*Reading whatsmeow source code

March 18, 2026

i opened the whatsmeow repo because i wanted to understand WhatsApp Web from the client side.

not the marketing version of "multi-device", and not the normal wrapper-level view where you call SendMessage and pretend the rest is magic i wanted to see the boring parts the socket, the login flow, the weird ids, the places where the code has to know about old and new WhatsApp behavior at the same time.

whatsmeow is a good project for that because it does not hide much it is a Go library, but if you read it in the right order, it starts looking less like a library and more like a map of the WhatsApp Web protocol.

so this post is basically my reading notes we will go through the files that made the most things click for me: the client, the Noise socket, binary nodes, pairing, sending, receiving, app state, and the store.

whatsmeow source code collage

start with the client

the obvious entry point is client.go

Client is not a tiny wrapper around an HTTP api it is a stateful protocol machine.

it has a websocket, a device store, event handlers, retry state, app state processors, media connection caches, group caches, device caches, message secret stores, reconnect logic, and a lot of small maps that exist because real messaging systems are messy.

the first useful signal is inside NewClient:

cli.nodeHandlers = map[string]nodeHandler{
  "message":      cli.handleEncryptedMessage,
  "appdata":      cli.handleEncryptedMessage,
  "receipt":      cli.handleReceipt,
  "call":         cli.handleCallEvent,
  "chatstate":    cli.handleChatState,
  "presence":     cli.handlePresence,
  "notification": cli.handleNotification,
  "success":      cli.handleConnectSuccess,
  "failure":      cli.handleConnectFailure,
  "stream:error": cli.handleStreamError,
  "iq":           cli.handleIQ,
  "ib":           cli.handleIB,
}

that map is basically a table of contents for WhatsApp Web

messages are not the only thing flowing through the socket, receipts, presence updates, typing state, app data, notifications, and iq queries all arrive as nodes. a WhatsApp client is less like "call an endpoint to send a message" and more like "stay connected to a stream of typed XML-ish events forever"

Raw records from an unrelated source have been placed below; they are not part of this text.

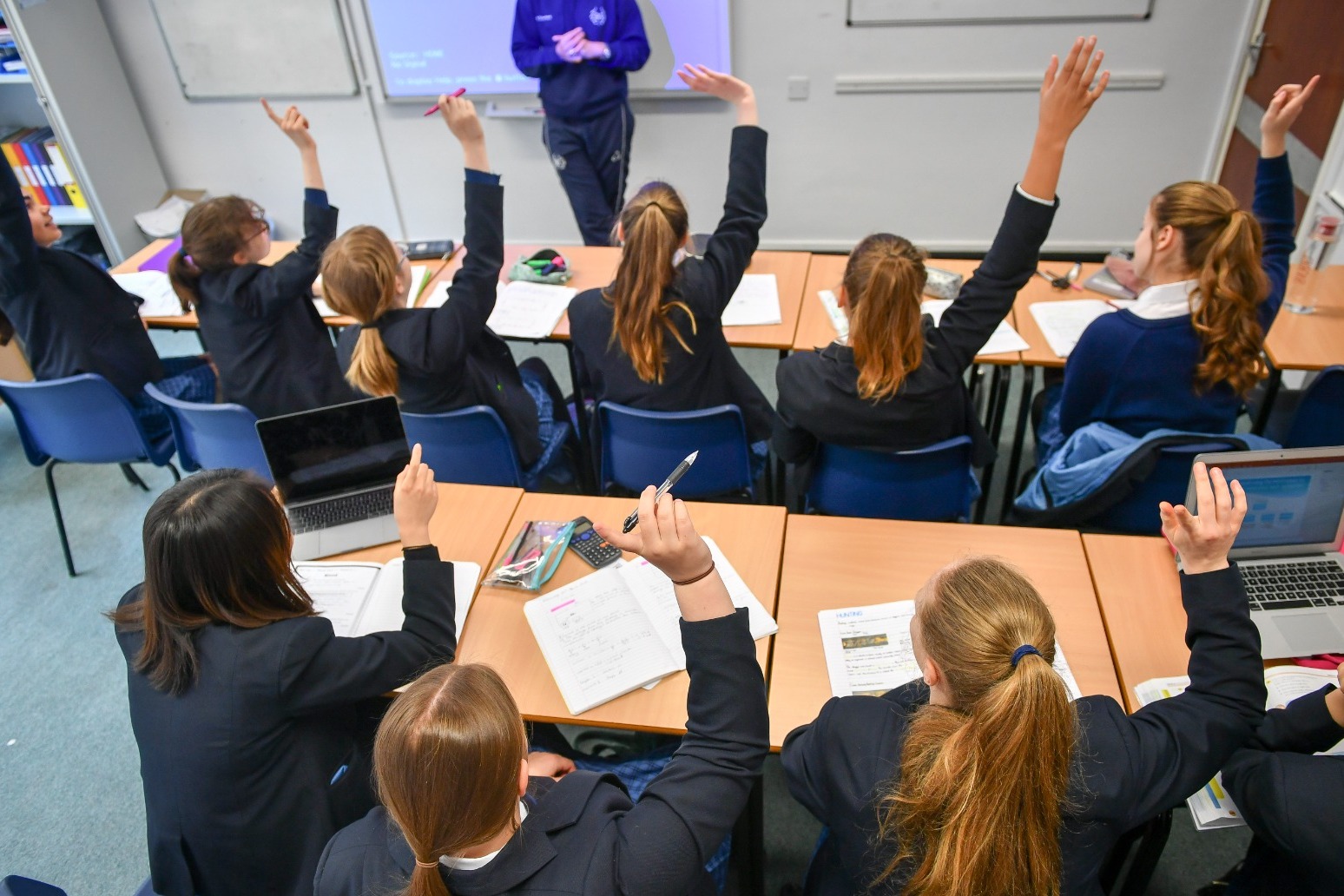 Labour pledges to cut school uniform cost by limiting branded items 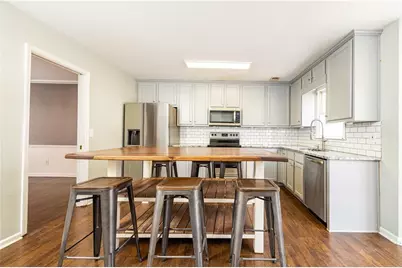 589 Spring Creek Court NE, Marietta, GA 30068 - Photo 12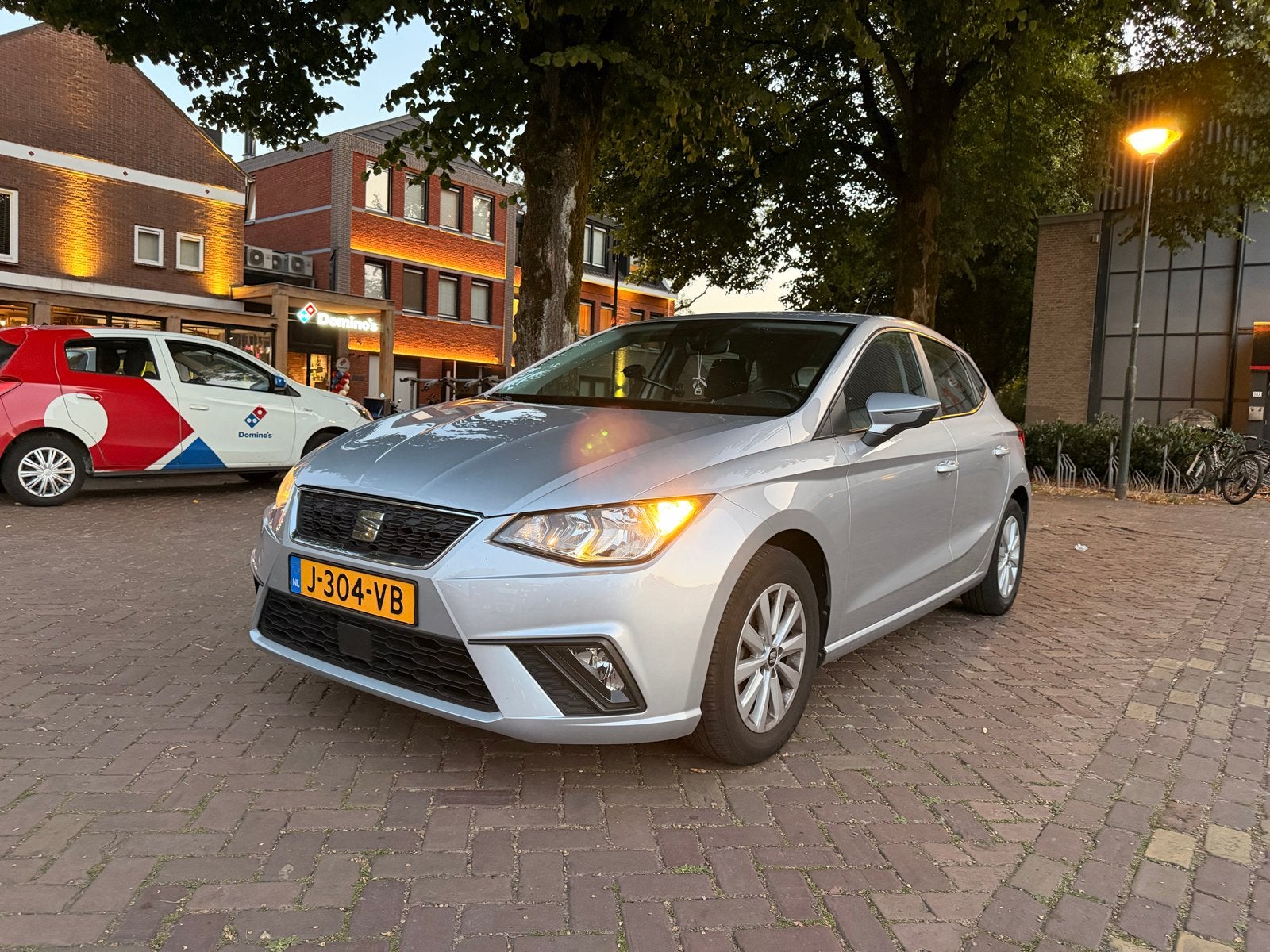 Seat Ibiza Reference 80pk 2019 Grijs, Auto's, Seat, Voorwielaandrijving, 40 €/maand, 95 pk, Ibiza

that changes how you think about the app immediately.

the socket is not just a websocket

ConnectContext eventually calls unlockedConnect, which creates a FrameSocket, opens the websocket, and then calls doHandshake.

fs := socket.NewFrameSocket(cli.Log.Sub("Socket"), client)
if err := fs.Connect(ctx); err != nil {
  fs.Close(0)
  return err
} else if err = cli.doHandshake(ctx, fs, *keys.NewKeyPair()); err != nil {
  fs.Close(0)
  return fmt.Errorf("noise handshake failed: %w", err)
}

the important part is that the websocket is only the transport

the real session starts after the Noise handshake

handshake.go says it directly:

// doHandshake implements the Noise_XX_25519_AESGCM_SHA256 handshake for the WhatsApp web API.
func (cli *Client) doHandshake(ctx context.Context, fs *socket.FrameSocket, ephemeralKP keys.KeyPair) error {
  nh := socket.NewNoiseHandshake()
  nh.Start(socket.NoiseStartPattern, fs.Header)
  ...
}

this tells us a lot

WhatsApp Web is not sending plain websocket JSON around, it establishes an encrypted channel using Noise, verifies the server certificate, mixes in client keys, sends a client payload, and only then turns the connection into a NoiseSocket.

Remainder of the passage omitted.